# Stolen Springer spaniel puppy



## kelly-joy (Oct 14, 2008)

Stolen Springer spaniel puppy / Berinsfield Oxon / Spread the word to help find this poor pup. Bruce
Breed:	Springer Spaniel (English)
Colour:	Liver/white
Age:	Less than 1 year old
Missing since:	31 January 2012 at around 16:00hrs
Sex:	Male
Collar: Yes
Microchipped:	Yes
Other info:	He is only 17 weeks old.
Circumstances:	Bruce was stolen from his owner while out walking. A male on a scooter approached from behind, pushed the owner to the ground and made off with the puppy.

Stolen Dog - Liver/white Springer Spaniel (English) Abingdon area on AnimalFinders.co.uk

View topic - Stolen Springer spaniel puppy • Animal Lifeline UK


----------



## Ruffers (Oct 27, 2011)

What an awful thing to have happen!
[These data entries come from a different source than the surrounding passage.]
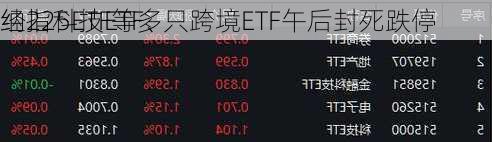 纳指科技ETF、
经225ETF等多只跨境ETF午后封死跌停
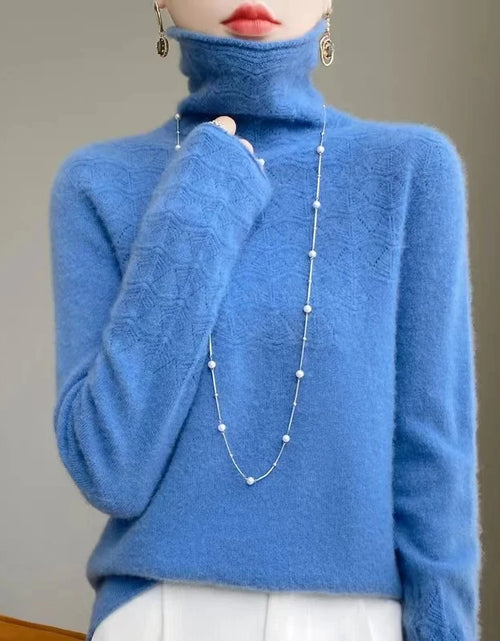 Load image into Gallery viewer, Women's 100% Merino Wool Pullover Sweater - High Neck Winter Sweater
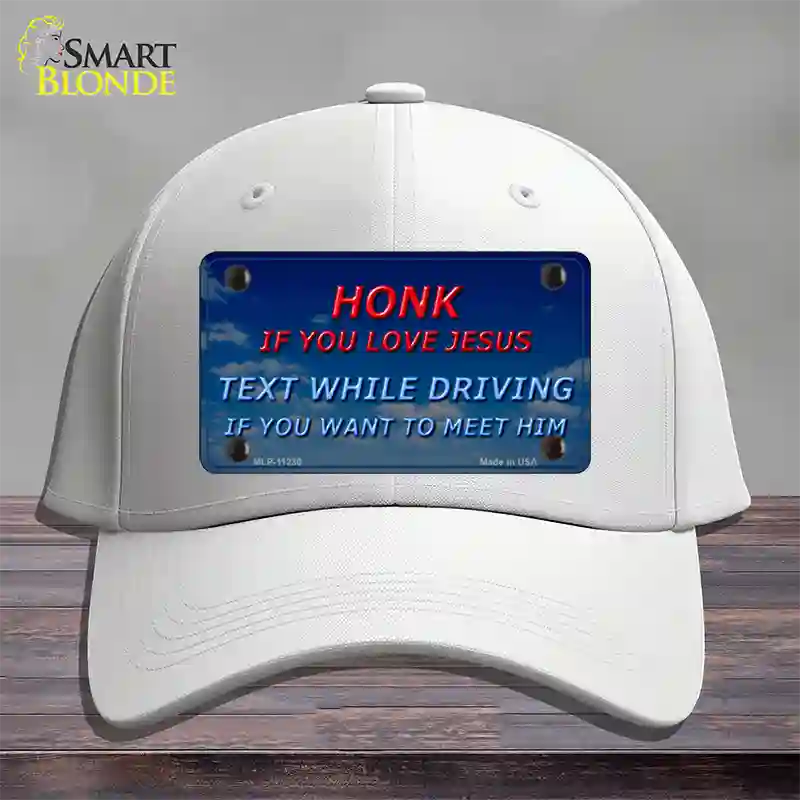 Honk If You Love Jesus Novelty License Plate Hat Cotton / White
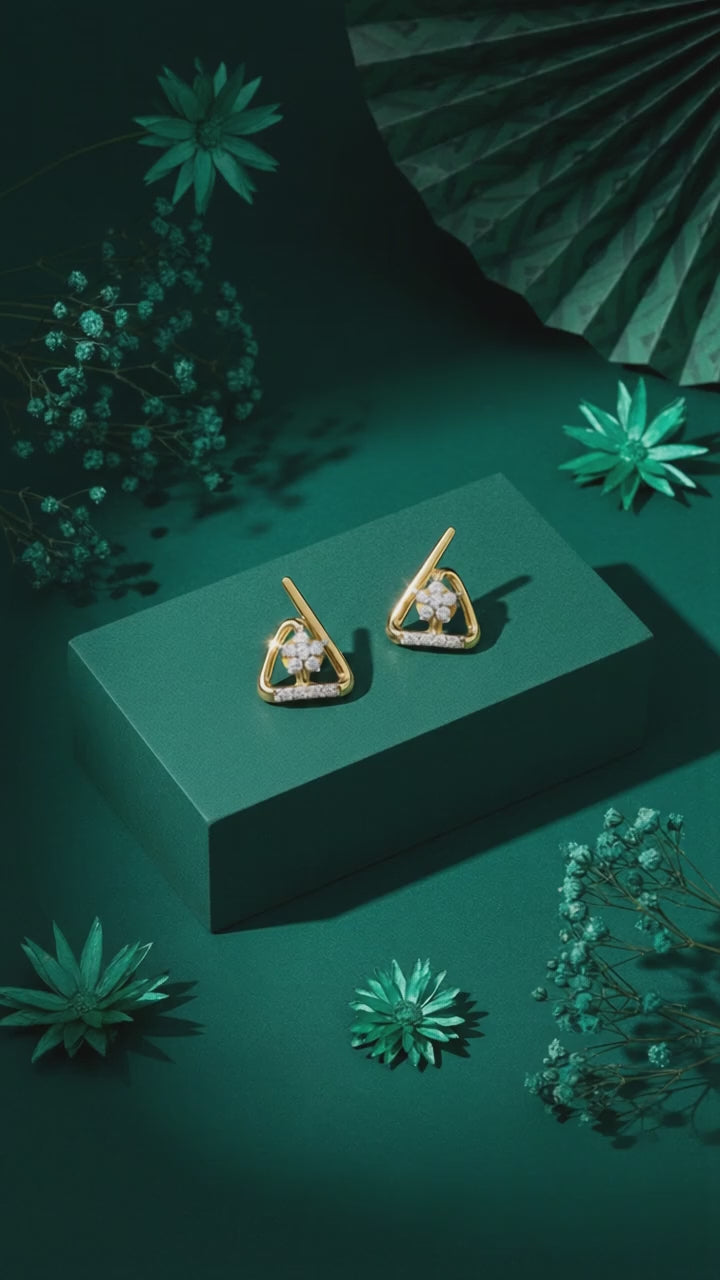 Geo Bloom Diamond Ear Tops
I really hope he is home safe and sound very soon.


----------



## Grace_Lily (Nov 28, 2010)

Disgusting 

I hope the evil people involved are found soon and poor Bruce can be reunited with his owners.


----------



## rose (Apr 29, 2009)

That sounds similar to the cavalier pup a few months back. He was stolen by a couple on a scooter! Poor chap, poor owners! near me as well.


----------



## kelly-joy (Oct 14, 2008)

Good news everyone! Bruce is now home. His owner was contacted 
last night (in suspicious circumstances) and a pickup was arranged. 
Apparently, no money changed hands and Bruce seems well. 
Thanks to you all for your help with this.


----------